One important aspect of that finding is that in an environment where doctors are paid according to CMS’ view of whether they are delivering care appropriately, it is essential for CMS to look at the right data and evaluate performance based on correct assumptions about the meaning of that data, Green said. “Imagine if this [KRAS-testing example] were part of a [CMS] quality metric and it affected payment reimbursement and shared savings. That’s all possible in the new world we’re living in, but when you dig into the data you actually find a bit of a surprise—that people are not doing a bad job,” Green said.

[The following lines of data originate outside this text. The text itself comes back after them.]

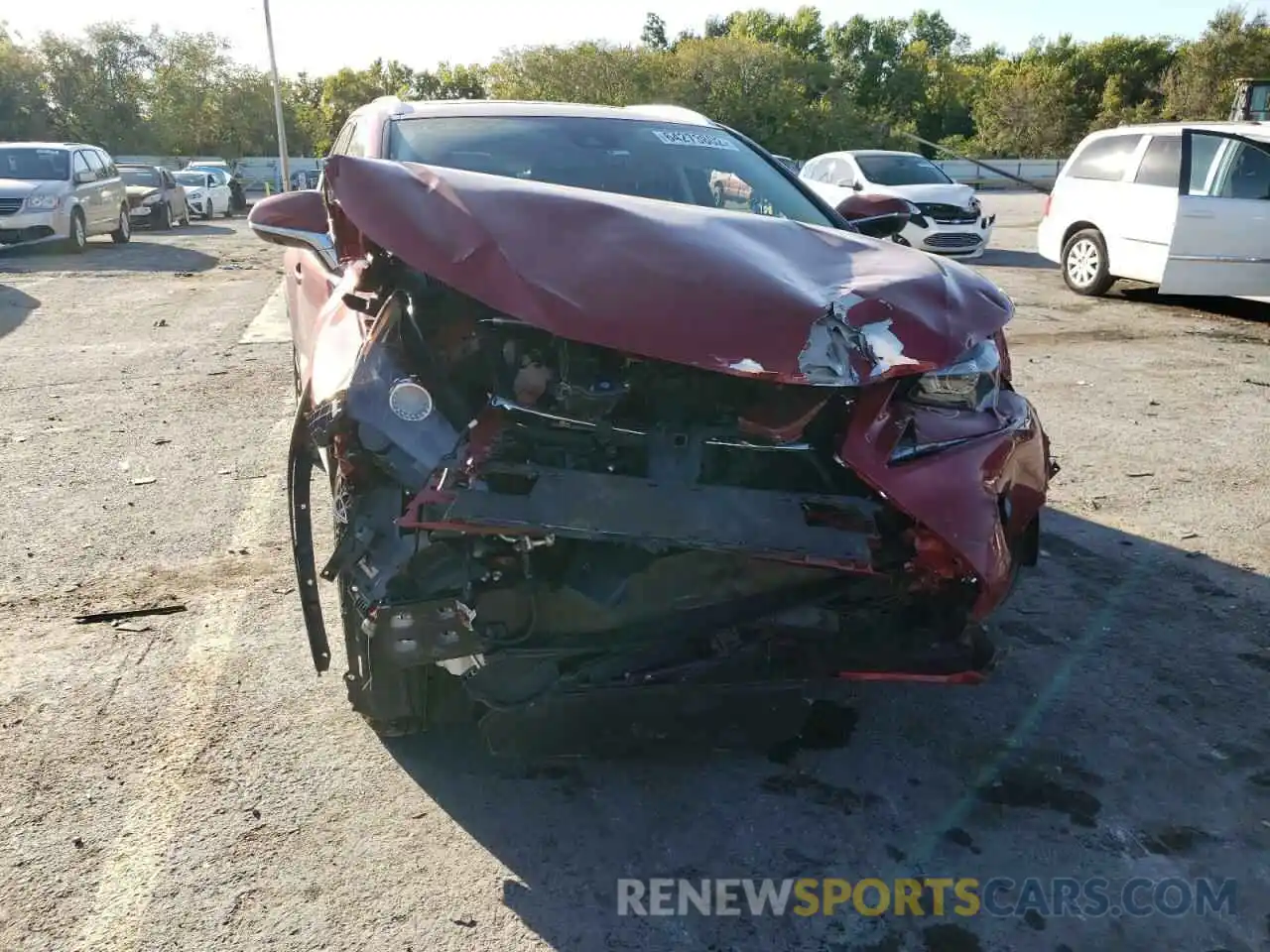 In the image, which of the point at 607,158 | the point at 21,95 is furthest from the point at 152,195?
the point at 21,95

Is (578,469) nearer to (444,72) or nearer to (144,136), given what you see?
(144,136)

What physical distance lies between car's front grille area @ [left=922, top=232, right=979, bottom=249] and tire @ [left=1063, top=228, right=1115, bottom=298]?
2.33 meters

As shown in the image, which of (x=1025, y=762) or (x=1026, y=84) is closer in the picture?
(x=1025, y=762)

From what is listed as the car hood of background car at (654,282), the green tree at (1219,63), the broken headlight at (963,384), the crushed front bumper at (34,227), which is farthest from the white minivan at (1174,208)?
the green tree at (1219,63)

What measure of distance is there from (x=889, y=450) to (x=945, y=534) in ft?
0.80

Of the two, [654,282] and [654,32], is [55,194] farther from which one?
[654,32]

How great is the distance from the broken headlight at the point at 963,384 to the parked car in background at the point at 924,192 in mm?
11074

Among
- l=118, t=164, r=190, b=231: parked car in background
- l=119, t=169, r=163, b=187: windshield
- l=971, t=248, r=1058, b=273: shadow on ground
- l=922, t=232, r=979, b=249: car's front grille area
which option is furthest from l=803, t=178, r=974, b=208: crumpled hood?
l=119, t=169, r=163, b=187: windshield

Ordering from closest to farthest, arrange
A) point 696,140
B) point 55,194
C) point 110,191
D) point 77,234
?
point 696,140
point 55,194
point 77,234
point 110,191

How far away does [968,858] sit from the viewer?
8.18 feet

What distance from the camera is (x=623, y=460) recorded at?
2441 millimetres

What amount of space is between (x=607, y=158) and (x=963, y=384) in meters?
1.86

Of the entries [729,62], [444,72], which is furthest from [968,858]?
[444,72]

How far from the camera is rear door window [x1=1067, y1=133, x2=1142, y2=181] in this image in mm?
10984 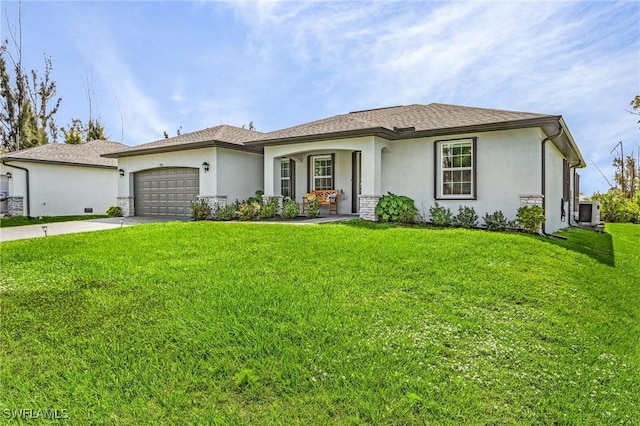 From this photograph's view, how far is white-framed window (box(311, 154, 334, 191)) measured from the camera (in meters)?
13.8

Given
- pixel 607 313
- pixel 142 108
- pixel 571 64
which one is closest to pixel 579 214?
pixel 571 64

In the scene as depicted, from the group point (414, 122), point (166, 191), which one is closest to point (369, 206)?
point (414, 122)

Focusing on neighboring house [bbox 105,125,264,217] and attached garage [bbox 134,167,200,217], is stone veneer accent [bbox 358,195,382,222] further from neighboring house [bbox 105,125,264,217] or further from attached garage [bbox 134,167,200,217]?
attached garage [bbox 134,167,200,217]

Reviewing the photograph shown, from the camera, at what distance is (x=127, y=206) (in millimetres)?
16281

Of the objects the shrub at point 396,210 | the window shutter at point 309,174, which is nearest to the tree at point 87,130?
the window shutter at point 309,174

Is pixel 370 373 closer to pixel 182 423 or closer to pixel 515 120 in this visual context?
pixel 182 423

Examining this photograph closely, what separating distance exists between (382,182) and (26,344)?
10305 mm

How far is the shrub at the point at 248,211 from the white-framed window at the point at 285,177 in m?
1.93

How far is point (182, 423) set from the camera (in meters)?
2.67

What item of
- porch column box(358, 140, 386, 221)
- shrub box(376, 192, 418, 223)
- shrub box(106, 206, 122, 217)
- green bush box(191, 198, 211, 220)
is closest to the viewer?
shrub box(376, 192, 418, 223)

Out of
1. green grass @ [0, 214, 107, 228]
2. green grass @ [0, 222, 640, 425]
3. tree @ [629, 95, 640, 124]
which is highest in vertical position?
tree @ [629, 95, 640, 124]

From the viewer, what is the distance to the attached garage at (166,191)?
588 inches

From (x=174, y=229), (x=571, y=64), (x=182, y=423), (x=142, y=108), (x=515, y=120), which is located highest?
(x=142, y=108)

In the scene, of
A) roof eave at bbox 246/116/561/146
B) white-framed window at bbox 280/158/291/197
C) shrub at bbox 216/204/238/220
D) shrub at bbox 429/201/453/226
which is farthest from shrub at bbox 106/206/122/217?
shrub at bbox 429/201/453/226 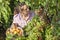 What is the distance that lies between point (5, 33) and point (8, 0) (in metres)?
0.32

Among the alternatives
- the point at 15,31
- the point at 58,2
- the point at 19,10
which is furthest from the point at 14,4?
the point at 58,2

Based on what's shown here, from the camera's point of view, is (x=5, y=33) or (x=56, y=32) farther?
(x=5, y=33)

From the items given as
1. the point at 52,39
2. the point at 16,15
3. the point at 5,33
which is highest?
the point at 16,15

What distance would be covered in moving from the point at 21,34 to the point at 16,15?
6.8 inches

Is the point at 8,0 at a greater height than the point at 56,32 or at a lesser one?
greater

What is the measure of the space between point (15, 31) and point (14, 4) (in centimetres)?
24

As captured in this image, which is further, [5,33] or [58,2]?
[5,33]

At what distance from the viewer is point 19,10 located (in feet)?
5.50

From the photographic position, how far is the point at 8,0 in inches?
63.3

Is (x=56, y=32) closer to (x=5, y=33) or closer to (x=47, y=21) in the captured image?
(x=47, y=21)

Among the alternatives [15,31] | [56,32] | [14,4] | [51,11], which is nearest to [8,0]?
[14,4]

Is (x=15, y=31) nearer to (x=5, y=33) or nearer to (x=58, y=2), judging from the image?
(x=5, y=33)

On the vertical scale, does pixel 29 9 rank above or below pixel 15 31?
above

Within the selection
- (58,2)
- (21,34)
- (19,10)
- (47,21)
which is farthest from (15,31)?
(58,2) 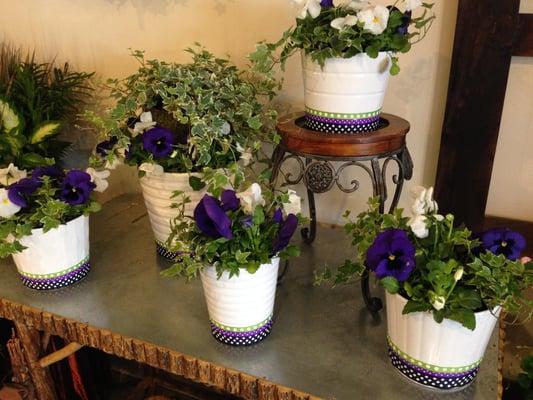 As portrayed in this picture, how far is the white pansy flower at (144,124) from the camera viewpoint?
102 cm

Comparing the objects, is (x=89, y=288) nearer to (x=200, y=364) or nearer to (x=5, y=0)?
(x=200, y=364)

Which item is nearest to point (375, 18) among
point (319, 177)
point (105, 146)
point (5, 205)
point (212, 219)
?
point (319, 177)

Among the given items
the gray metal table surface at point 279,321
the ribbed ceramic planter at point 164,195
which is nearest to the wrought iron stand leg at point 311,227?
the gray metal table surface at point 279,321

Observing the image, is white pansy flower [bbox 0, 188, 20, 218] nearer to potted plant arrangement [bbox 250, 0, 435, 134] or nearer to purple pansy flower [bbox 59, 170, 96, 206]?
purple pansy flower [bbox 59, 170, 96, 206]

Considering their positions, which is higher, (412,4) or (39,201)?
(412,4)

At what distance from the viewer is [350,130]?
0.93m

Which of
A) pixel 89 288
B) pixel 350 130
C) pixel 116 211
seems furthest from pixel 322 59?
pixel 116 211

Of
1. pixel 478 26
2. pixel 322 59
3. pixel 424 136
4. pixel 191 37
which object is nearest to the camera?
pixel 322 59

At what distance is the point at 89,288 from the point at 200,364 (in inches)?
14.6

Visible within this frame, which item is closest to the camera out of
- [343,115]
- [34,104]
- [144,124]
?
[343,115]

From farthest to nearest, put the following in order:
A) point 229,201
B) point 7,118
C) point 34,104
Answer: point 34,104 < point 7,118 < point 229,201

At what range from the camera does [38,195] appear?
1.00 metres

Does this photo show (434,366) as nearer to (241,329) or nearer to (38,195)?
(241,329)

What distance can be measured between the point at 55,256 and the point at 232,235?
0.47 meters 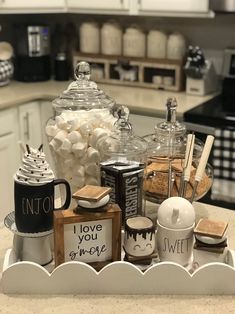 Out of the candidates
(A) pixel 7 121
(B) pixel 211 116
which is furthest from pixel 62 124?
(A) pixel 7 121

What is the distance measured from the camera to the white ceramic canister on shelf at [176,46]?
9.77 ft

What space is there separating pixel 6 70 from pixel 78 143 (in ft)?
6.80

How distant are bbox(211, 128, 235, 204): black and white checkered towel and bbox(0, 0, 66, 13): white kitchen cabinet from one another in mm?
1400

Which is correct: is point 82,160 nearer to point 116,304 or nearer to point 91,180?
point 91,180

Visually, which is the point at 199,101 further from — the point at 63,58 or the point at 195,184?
the point at 195,184

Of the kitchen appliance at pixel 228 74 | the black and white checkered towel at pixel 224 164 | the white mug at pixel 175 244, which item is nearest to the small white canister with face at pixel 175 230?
the white mug at pixel 175 244

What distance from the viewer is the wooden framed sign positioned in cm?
101

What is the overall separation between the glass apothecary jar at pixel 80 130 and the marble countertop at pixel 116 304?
0.32 meters

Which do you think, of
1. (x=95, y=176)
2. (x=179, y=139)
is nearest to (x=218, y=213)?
(x=179, y=139)

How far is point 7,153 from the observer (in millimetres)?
2812

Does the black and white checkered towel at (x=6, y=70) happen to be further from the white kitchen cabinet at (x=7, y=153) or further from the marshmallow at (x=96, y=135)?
the marshmallow at (x=96, y=135)

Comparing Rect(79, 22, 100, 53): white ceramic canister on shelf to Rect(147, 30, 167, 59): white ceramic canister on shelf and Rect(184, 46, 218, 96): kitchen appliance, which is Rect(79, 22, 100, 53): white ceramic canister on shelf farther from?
Rect(184, 46, 218, 96): kitchen appliance

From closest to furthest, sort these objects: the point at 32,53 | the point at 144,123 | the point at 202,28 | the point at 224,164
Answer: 1. the point at 224,164
2. the point at 144,123
3. the point at 202,28
4. the point at 32,53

A huge amount of data is being produced as a result of the transition to electronic health records (EHRs), but so far it hasn’t been possible to extract as much useful information and insight from that data as doctors and researchers would have liked, Green said. Nevertheless, the field of data mining is moving forward and the possibilities are exciting, he added. As part of the process, it’s important to make meaningful comparisons of data and to not be forced to collect and relay data that isn’t going to contribute to meaningful analysis, Green said. “We have quality metrics that we need to report on, and I fundamentally believe that the metrics I’m reporting on don’t do a lot to really deliver higher value care for my patients. I don’t believe that checking a box that says I’ve assessed my patient for pain is going to address their pain better simply because I’ve checked that box.” For that reason, practices need to be vigilant that CMS doesn’t saddle them with quality reporting requirements that lengthen the workday but don’t add value to the clinical process.

Beyond measurement, what practices need from CMS is feedback that amounts to actionable information, Green said. The volume of Medicare claims data that has been given to OCM practices has been both beneficial and overwhelming. This information can provide valuable insights such as cost by disease, cost drivers, drug adherence, hospitalizations and emergency department use, and patient comorbidities. The limitations of this data include not being able to tell which physicians are responsible for costs, claims data being too old and difficult to act upon, and the inability to know the stage or extent of a patient’s disease. “There’s lots of clinical variation that has a bearing on cost that’s actually hard to get out of claims data,” Green said.

He noted that when clinical data is combined with claims data, it becomes possible to get a much fuller and more useful picture of a patient’s journey through the healthcare system (Figure). However, it is difficult to arrive at such a picture, and Green said it was only with the help of statisticians and data analysts at Flatiron that he was able to fill in many of these blanks. “It’s important at the practice level to make sure that whoever is doing this is doing it right. I think it’s still an evolving field how we should appropriately do some of these analyses,” he said.

Figure: Multisource Data Provide a Fuller Picture of Costs and Treatment for a Patient With Non—Small Cell Lung Cancer (NSCLC)

Combining data to develop this fuller picture of a patient’s care path requires the use of organized data, defined as being structured and accessible by machine-based analysis, and random data, known as unstructured, which may take the form of notations in the EHR. For example, without both forms of medical data, it may be impossible to distinguish whether high costs of care are being generated by a particular physician’s actions or whether the patient’s disease is an outlier that follows an inconsistent path of development, Green said.

“There are always going to be inaccuracies, there are always going to be limitations, and that ultimately is going to introduce bias into your actions,” he said. “We need to be careful we don’t make interventions in areas where we’re not sure about what we’re doing or about what we’re trying to change.”

It is also important to make clear distinctions between patient cohorts for the same disease state. Because patients differ by age and response to care, they must be separated into appropriate cohorts for the purposes of physician performance measurement and reward, Green concluded. “If we’re going to be taking risk as oncologists—financial risk for our patients—we need to understand the different cost of the different subgroups of patients.”